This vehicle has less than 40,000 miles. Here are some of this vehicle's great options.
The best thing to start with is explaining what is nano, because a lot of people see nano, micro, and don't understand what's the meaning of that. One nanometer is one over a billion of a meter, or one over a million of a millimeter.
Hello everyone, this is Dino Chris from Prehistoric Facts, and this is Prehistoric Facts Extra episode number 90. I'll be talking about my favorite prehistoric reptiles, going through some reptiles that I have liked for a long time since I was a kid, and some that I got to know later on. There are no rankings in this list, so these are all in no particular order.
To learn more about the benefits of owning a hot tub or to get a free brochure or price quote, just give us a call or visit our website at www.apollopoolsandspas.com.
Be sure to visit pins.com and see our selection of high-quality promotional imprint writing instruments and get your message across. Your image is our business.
•••••
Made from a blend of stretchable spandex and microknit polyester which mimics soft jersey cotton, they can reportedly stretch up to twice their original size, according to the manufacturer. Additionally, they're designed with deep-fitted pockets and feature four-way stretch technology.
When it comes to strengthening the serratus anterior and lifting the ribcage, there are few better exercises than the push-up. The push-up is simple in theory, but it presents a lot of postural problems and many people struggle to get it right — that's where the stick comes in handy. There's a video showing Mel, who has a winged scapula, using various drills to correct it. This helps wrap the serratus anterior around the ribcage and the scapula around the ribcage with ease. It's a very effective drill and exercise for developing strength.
•••••
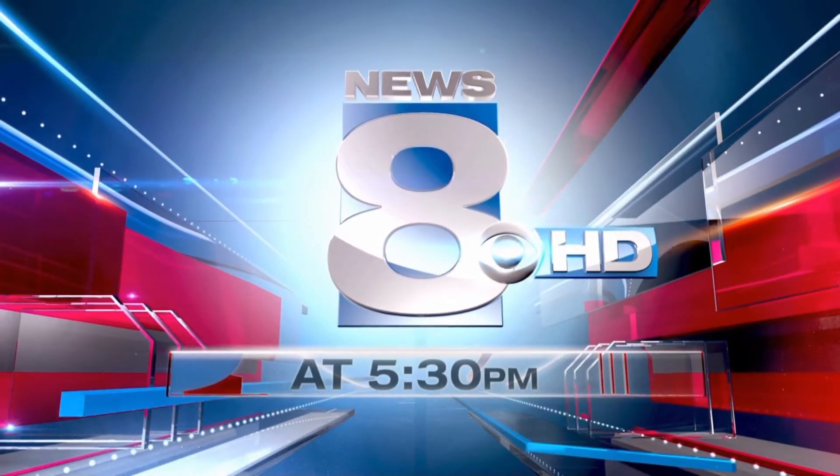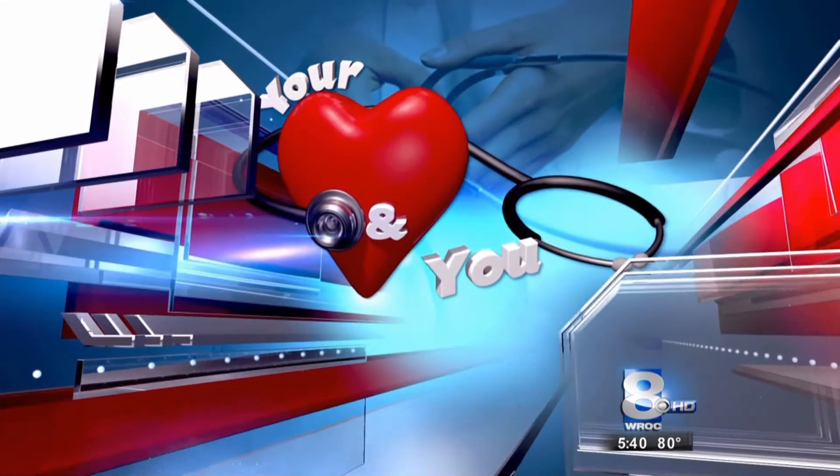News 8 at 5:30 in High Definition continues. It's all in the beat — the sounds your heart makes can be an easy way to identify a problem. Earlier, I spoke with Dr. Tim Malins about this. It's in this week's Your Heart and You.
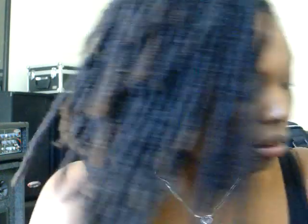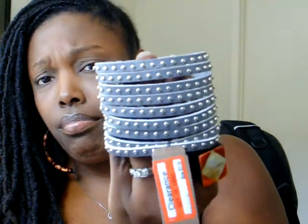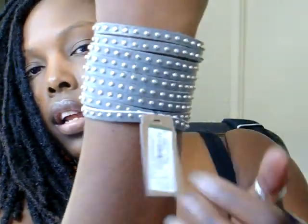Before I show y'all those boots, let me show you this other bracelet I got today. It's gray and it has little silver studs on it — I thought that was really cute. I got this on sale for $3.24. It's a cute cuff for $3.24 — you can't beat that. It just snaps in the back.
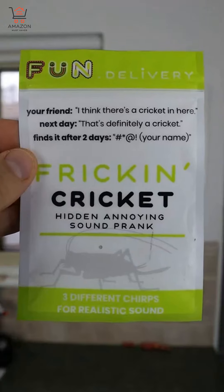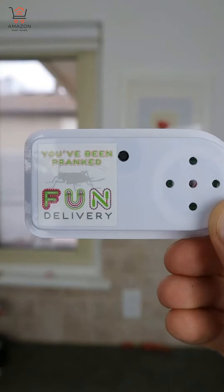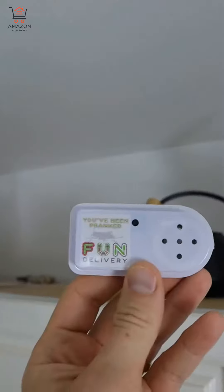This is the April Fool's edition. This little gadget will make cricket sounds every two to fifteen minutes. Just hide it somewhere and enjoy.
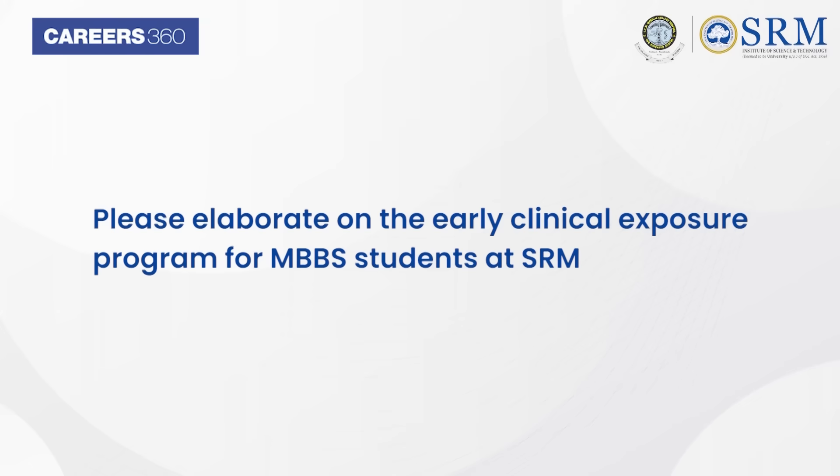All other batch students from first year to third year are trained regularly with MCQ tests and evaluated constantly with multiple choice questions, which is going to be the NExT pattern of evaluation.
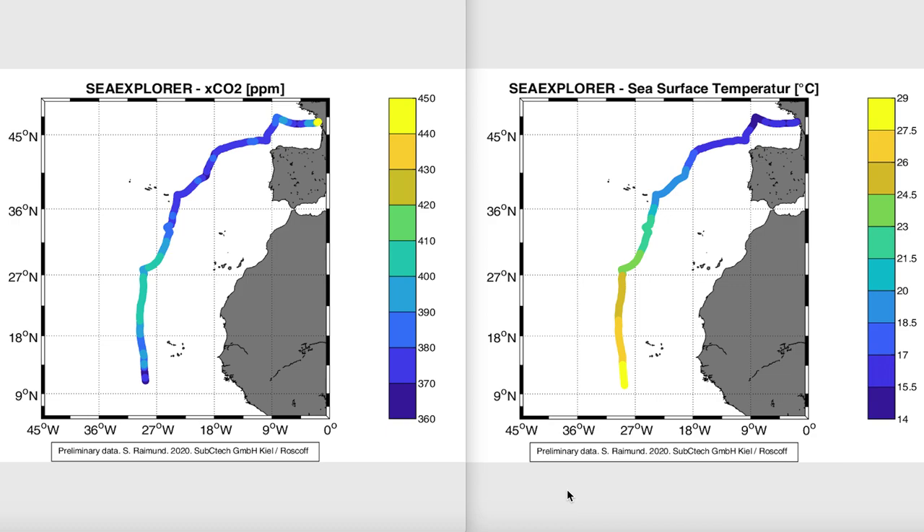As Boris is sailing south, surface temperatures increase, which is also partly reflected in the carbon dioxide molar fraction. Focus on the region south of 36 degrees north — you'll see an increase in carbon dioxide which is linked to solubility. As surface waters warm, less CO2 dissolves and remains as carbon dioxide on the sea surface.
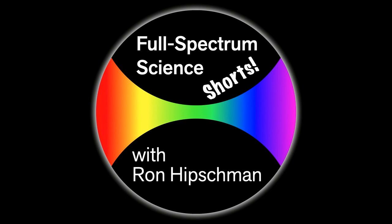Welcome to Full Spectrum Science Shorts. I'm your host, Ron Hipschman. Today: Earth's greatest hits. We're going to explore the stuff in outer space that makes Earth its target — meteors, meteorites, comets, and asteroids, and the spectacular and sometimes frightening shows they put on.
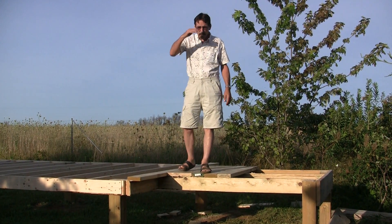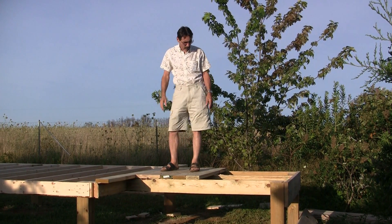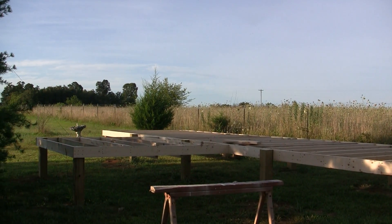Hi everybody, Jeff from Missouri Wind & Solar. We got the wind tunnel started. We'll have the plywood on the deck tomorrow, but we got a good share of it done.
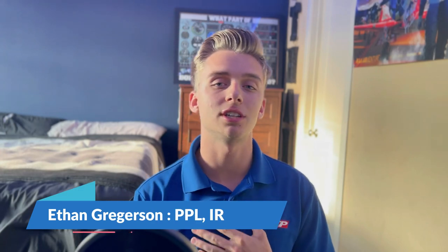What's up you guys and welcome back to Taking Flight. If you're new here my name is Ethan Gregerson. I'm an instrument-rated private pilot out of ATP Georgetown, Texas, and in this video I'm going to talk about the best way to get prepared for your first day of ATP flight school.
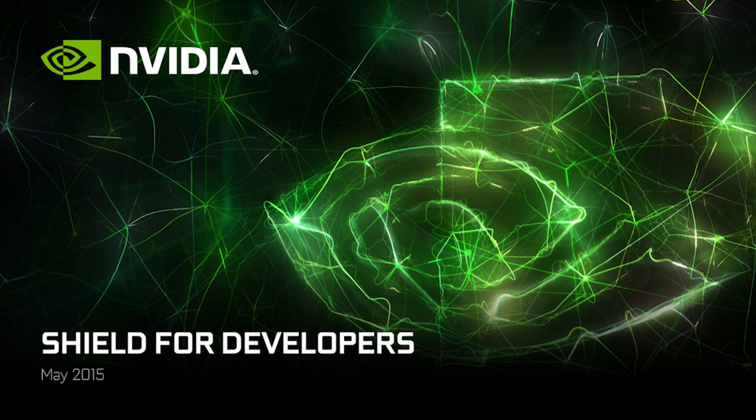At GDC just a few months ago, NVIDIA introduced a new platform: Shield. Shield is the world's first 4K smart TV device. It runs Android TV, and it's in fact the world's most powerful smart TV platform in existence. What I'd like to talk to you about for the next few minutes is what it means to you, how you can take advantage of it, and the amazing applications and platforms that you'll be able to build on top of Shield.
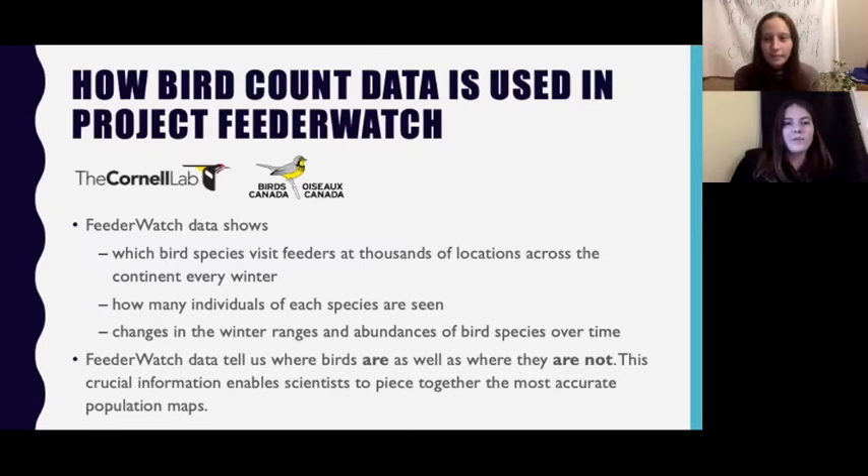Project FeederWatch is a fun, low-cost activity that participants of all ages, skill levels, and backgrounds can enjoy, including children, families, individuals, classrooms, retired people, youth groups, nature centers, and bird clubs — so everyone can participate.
•••••
**About this task**
To complete this exercise, transcribe exactly the lines above from the one that holds "This is the" through the one that holds "Hi everybody, Jeff". Pictures stay out.

**Answer area**
This is the April Fool's edition. This little gadget will make cricket sounds every two to fifteen minutes. Just hide it somewhere and enjoy.
All other batch students from first year to third year are trained regularly with MCQ tests and evaluated constantly with multiple choice questions, which is going to be the NExT pattern of evaluation.
As Boris is sailing south, surface temperatures increase, which is also partly reflected in the carbon dioxide molar fraction. Focus on the region south of 36 degrees north — you'll see an increase in carbon dioxide which is linked to solubility. As surface waters warm, less CO2 dissolves and remains as carbon dioxide on the sea surface.
Welcome to Full Spectrum Science Shorts. I'm your host, Ron Hipschman. Today: Earth's greatest hits. We're going to explore the stuff in outer space that makes Earth its target — meteors, meteorites, comets, and asteroids, and the spectacular and sometimes frightening shows they put on.
Hi everybody, Jeff from Missouri Wind & Solar. We got the wind tunnel started. We'll have the plywood on the deck tomorrow, but we got a good share of it done.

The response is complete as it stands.